To say the orchestra struggled through the Brandenburg concerto would not be quite right, because struggle implies lots of energy. Despite some lovely solo turns from individual musicians, the collective kick was oddly dampened and dispersed, resulting in a strangely deracinated, zombie-like performance.
Technical glitches should never keep a listener from appreciating a performance, especially if the passion is there, but the pervasiveness and persistence of the frayed edges Friday made it hard to relax and listen.
The usually buttery violin section turned to vinegar, bringing back a wrinkle of worry that I thought had been smoothed from my forehead forever at Lansing Symphony concerts: Can they stay in tune?
Bach added two horns to put a cherry on top of this exquisite concerto, but the horn players were barely heard, and not entirely welcome when they were.
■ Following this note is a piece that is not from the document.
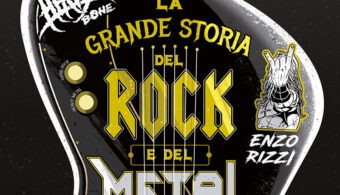 La Grande Storia Del Rock E Del Metal – Omnibus Edition Thumb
First chair violinist and concertmaster Mallory Tabb played her featured passages with verve, and was clearly working like mad to put a spine into the intermittently blobby music-making going on around her.
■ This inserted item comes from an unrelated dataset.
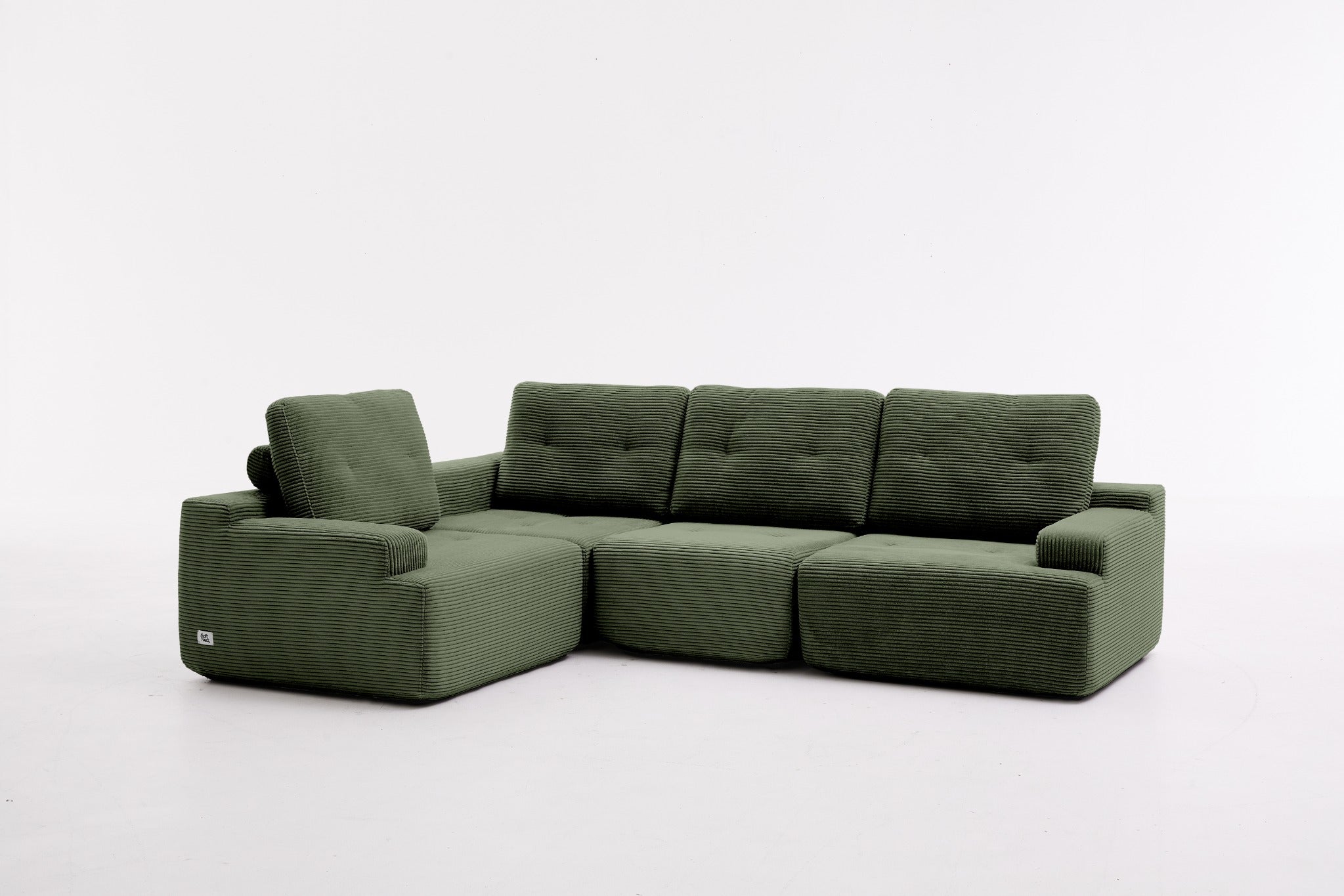 Fluffa Modular Sofa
When the orchestra turned to Vivaldi’s “Gloria,” the blob began to gel, especially when the 200-plus-voice chorus and two vocal soloists were lowered into the muddy water like anchors, under the captaincy of MSU choral director David Rayl.
Soprano Sara MacKimmie’s voice flickered with a fragile, candle-lit quality that made you lean forward to catch it all. She often leaned forward herself, looking blissed out to be the vehicle for Vivaldi’s bouncing music.
She was at her best when the music called for her to draw a single syllable into a long, sinuous line. At such moments, her inner candle glowed with a hypnotic blue flame and time itself seemed to slow down.
Mezzo-soprano Jane Bunnell projected a distant, teacherly persona (she’s an MSU professor) that contrasted awkwardly with MacKimmie’s warmth, but she sang well, especially in view of her status as an eleventh-hour rescue mezzo. She was filling in for scheduled guest soloist Meg Bragle, who couldn’t make the gig.
Both soloists held the center of gravity well in their own solo turns, but their voices and styles didn’t blend well in their duet, “Laudamus te.”
The chorus was spirited but spot-on. When they surged into a mighty fugue — an exhilarating juggling act in which each section picks up the melody in turn — it felt like banks of turbines were being activated by a row of big red switches somewhere. Their daunting numbers ramped up the potential for more frayed edges, but the choral blend was like basic Arabica coffee, robust and unwavering.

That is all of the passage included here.